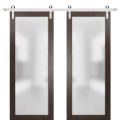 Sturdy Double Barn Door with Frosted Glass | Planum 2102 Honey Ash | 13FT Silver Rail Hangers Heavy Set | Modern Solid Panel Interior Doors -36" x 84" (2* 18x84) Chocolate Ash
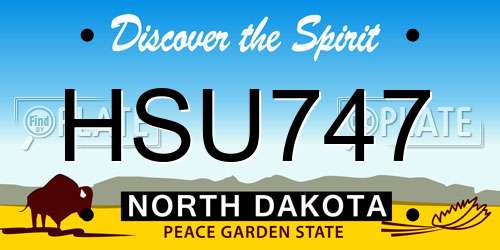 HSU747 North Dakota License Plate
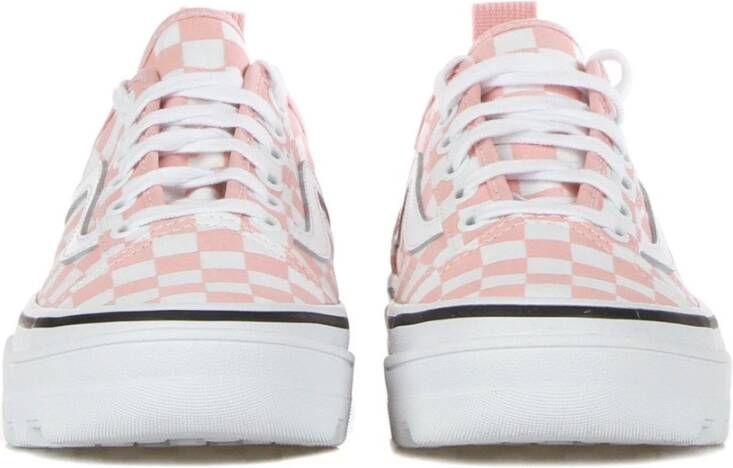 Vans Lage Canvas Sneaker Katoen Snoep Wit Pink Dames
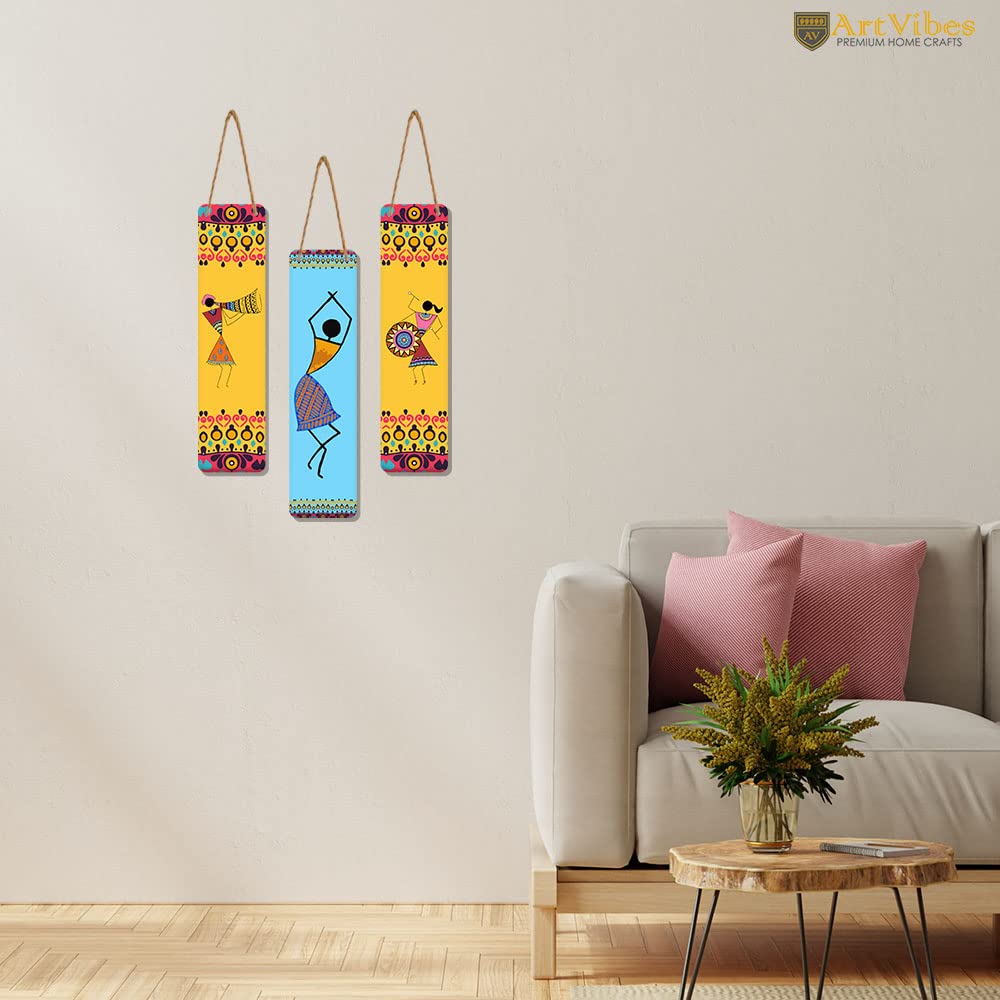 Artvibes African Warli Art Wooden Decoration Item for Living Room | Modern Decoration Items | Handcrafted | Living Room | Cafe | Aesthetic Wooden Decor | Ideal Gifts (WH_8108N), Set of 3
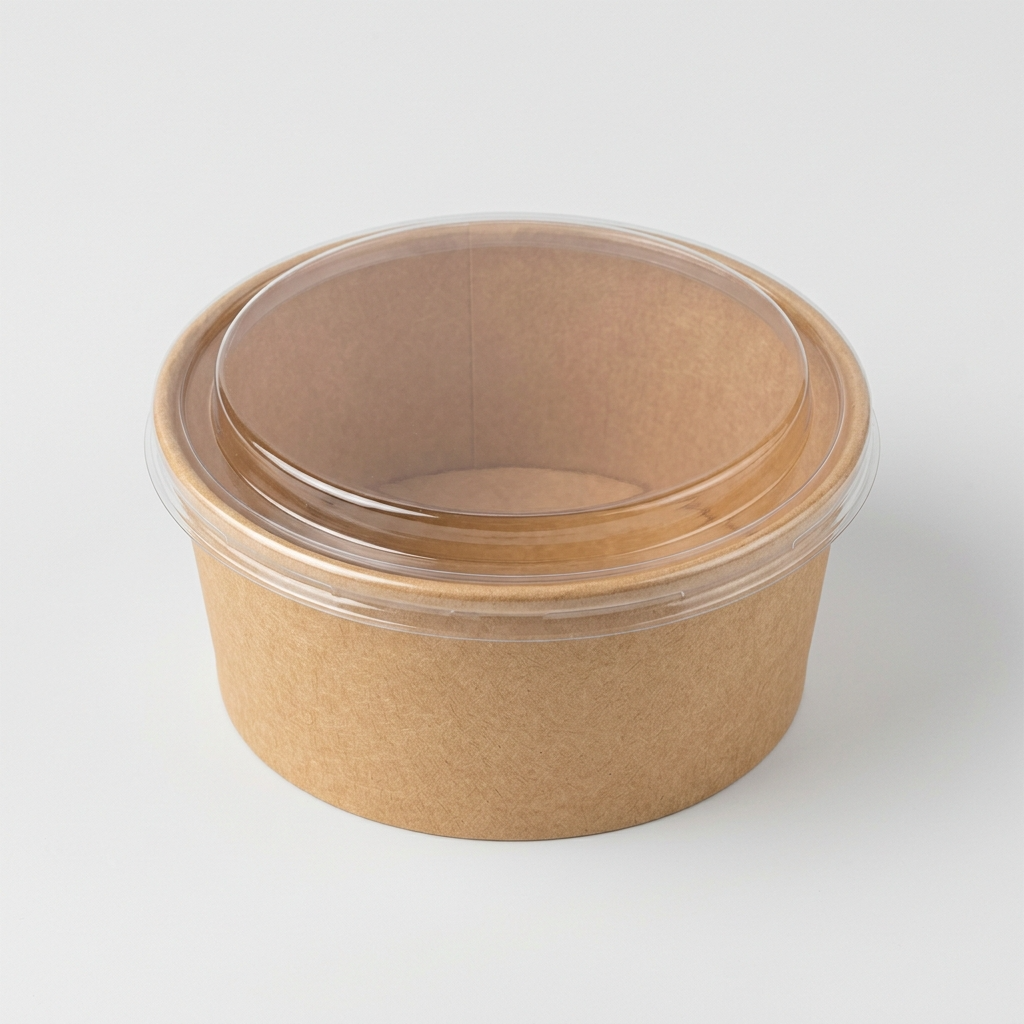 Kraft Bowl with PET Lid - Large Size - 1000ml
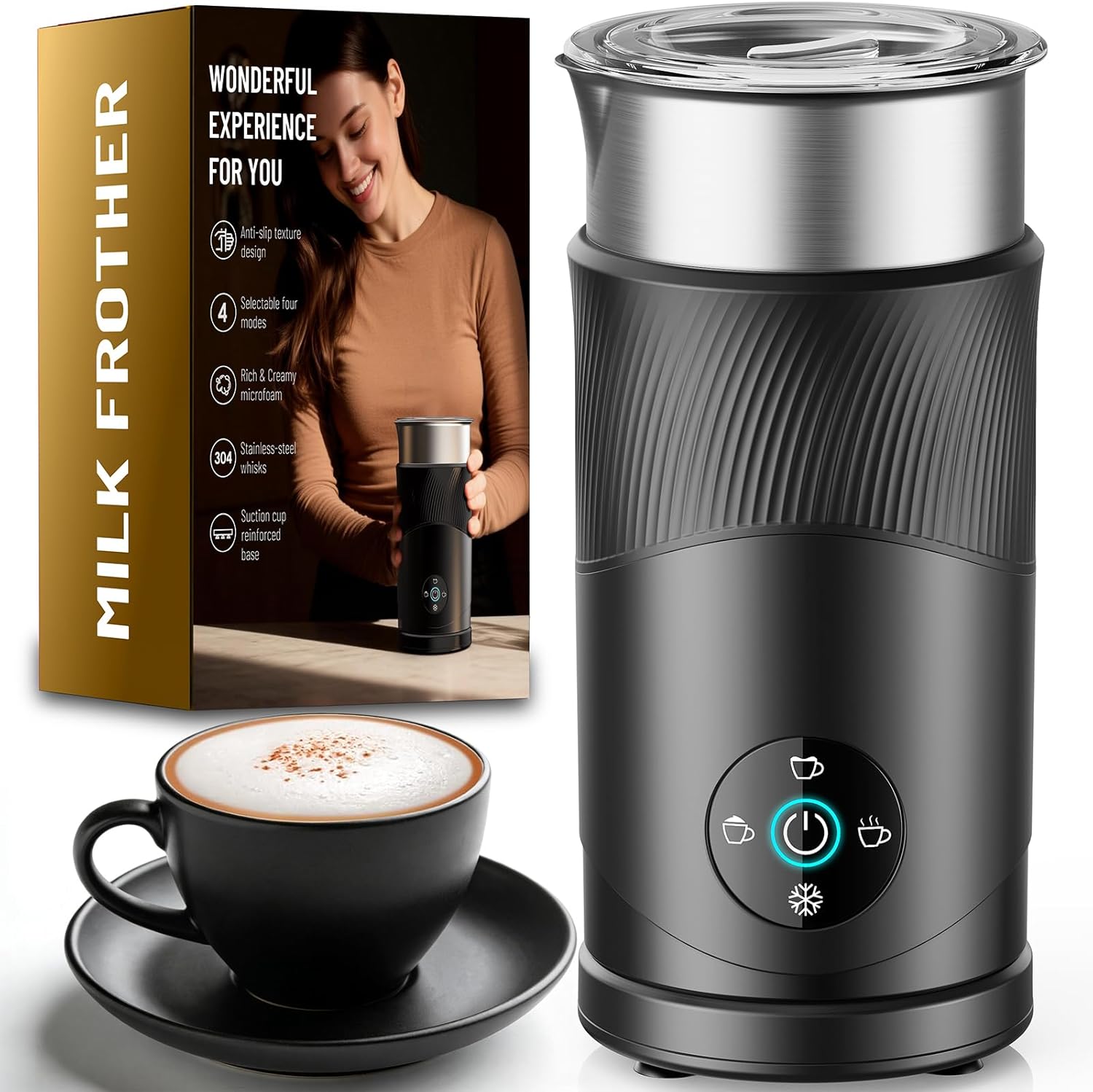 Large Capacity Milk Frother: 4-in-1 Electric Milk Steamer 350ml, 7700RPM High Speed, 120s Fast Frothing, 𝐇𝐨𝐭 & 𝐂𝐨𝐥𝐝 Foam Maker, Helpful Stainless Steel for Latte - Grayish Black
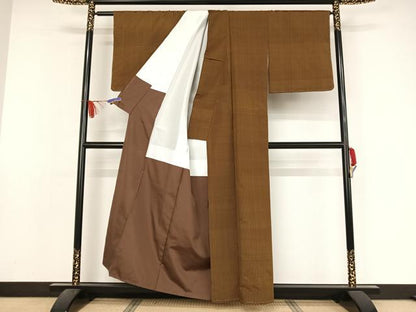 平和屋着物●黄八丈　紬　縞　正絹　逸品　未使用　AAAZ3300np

-=-=-=-=-

Copy the data above word for word. Pictures stay out.

• [Exercise answer]
 Sturdy Double Barn Door with Frosted Glass | Planum 2102 Honey Ash | 13FT Silver Rail Hangers Heavy Set | Modern Solid Panel Interior Doors -36" x 84" (2* 18x84) Chocolate Ash
 HSU747 North Dakota License Plate
 Vans Lage Canvas Sneaker Katoen Snoep Wit Pink Dames
 Artvibes African Warli Art Wooden Decoration Item for Living Room | Modern Decoration Items | Handcrafted | Living Room | Cafe | Aesthetic Wooden Decor | Ideal Gifts (WH_8108N), Set of 3
 Kraft Bowl with PET Lid - Large Size - 1000ml
 Large Capacity Milk Frother: 4-in-1 Electric Milk Steamer 350ml, 7700RPM High Speed, 120s Fast Frothing, 𝐇𝐨𝐭 & 𝐂𝐨𝐥𝐝 Foam Maker, Helpful Stainless Steel for Latte - Grayish Black
 平和屋着物●黄八丈　紬　縞　正絹　逸品　未使用　AAAZ3300np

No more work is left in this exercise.